2022年の時点で、韓国には約4万人の日本人が住んでいて、日々、SNSで現地の情報を発信している。昔からよくあるネタが「パクリ(疑惑)」だ。
たとえば、2017年にある日本人女性がソウルの街を歩いていると、「ポッキモンGO」(뽑기몬GO)というUFOキャッチャーの店を見つけた。
いやはやこのお店、もろにピカチュウとかモンスターボールのデザインとか盗用しているのでしばらくしたら消えちゃってるかも。。
「ポッキモンGO」は、本家「ポケモンGO」とロゴも色もそっくりの“丸パクリ”状態で、無関係の日本人には格好の投稿ネタになる。

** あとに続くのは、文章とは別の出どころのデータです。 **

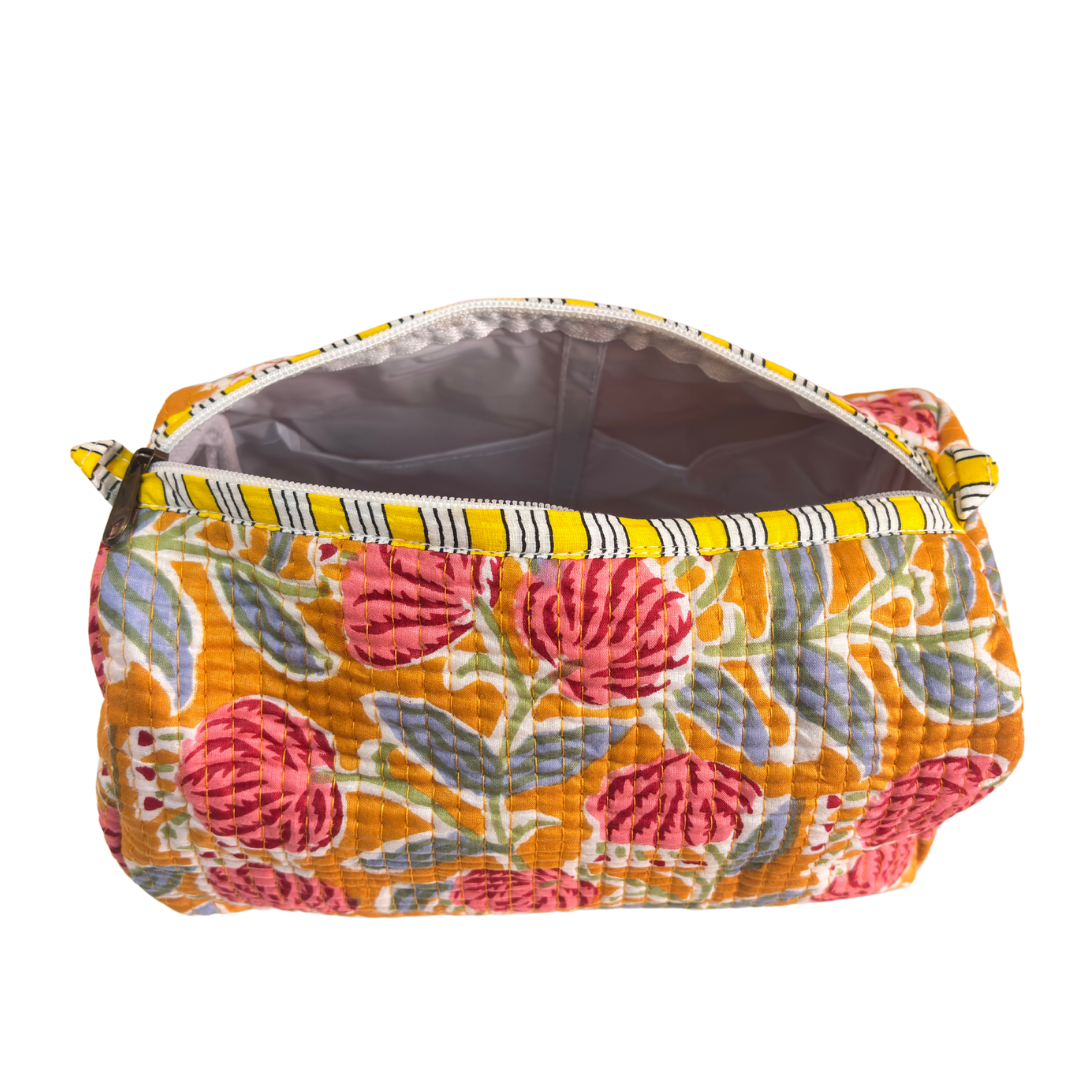 The Alfred Edition Travel Accessory:- Premium Handcrafted Waterproof Quilted Cotton Beauty/Travel Organizer Bag for Men & Women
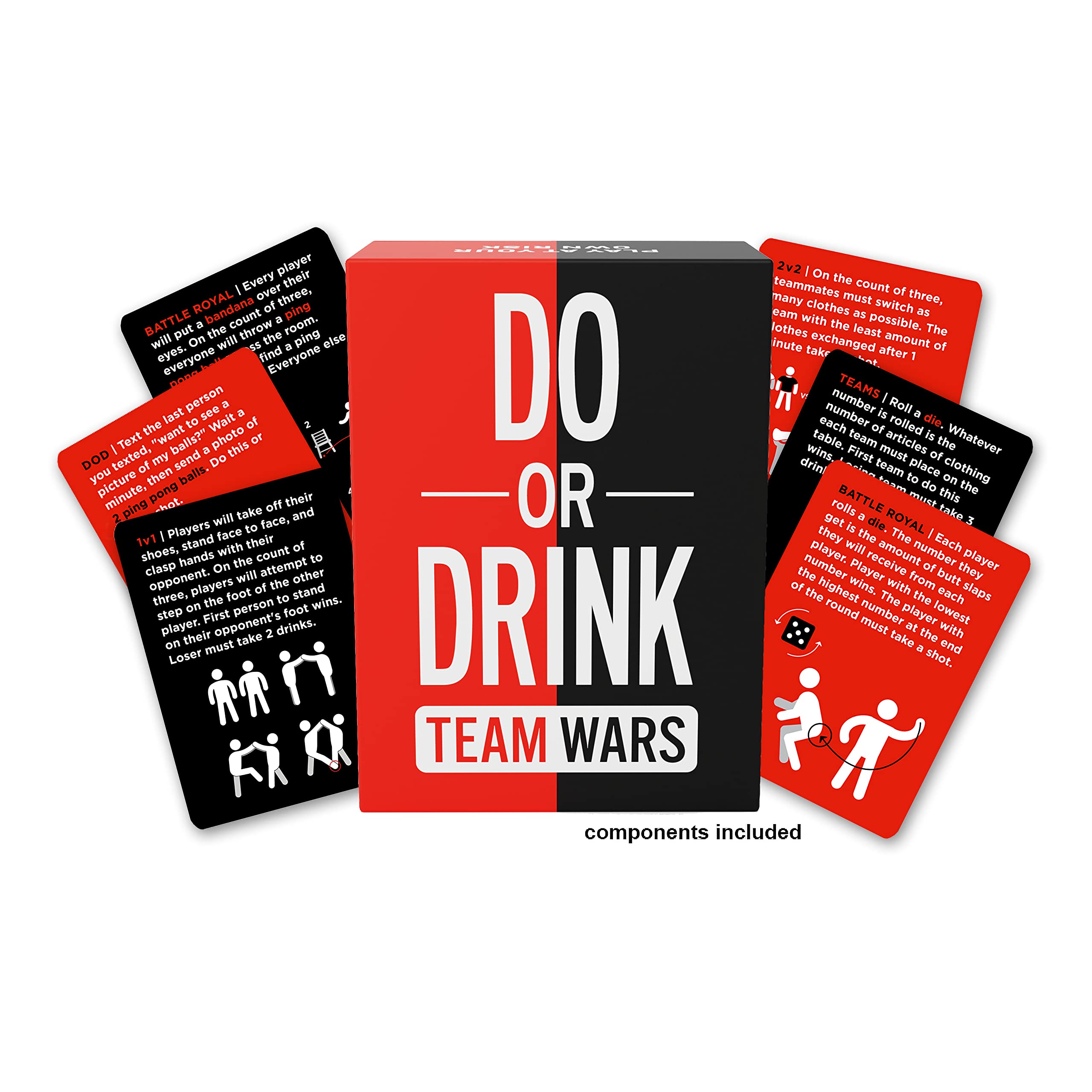 Do or Drink Team Wars Card Games for Adults - Team Drinking Games for Game Night, Girls Night - Party Games for Adults with Cups, Ping Pong Balls, Dice, Ropes, and More - Fun Drunk Games for Adults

「ダサソー」は100円ショップ「ダイソー」のパクリ企業だ。
ダイソーが商標権を侵害されたとして訴え、一審はダサソーが勝訴、二審ではダイソーが勝訴した後、最高裁がダイソーの訴えを認め、ダサソー側に約1300万円の損害賠償を命じた。
これは有名な話だから、上の日本人は「ポッキモンGO」を見て、その二の舞になる予感がしたらしい。ちなみにダサソーはかなり悪質で、名前や店の雰囲気、商品までダイソーとそっくりだった。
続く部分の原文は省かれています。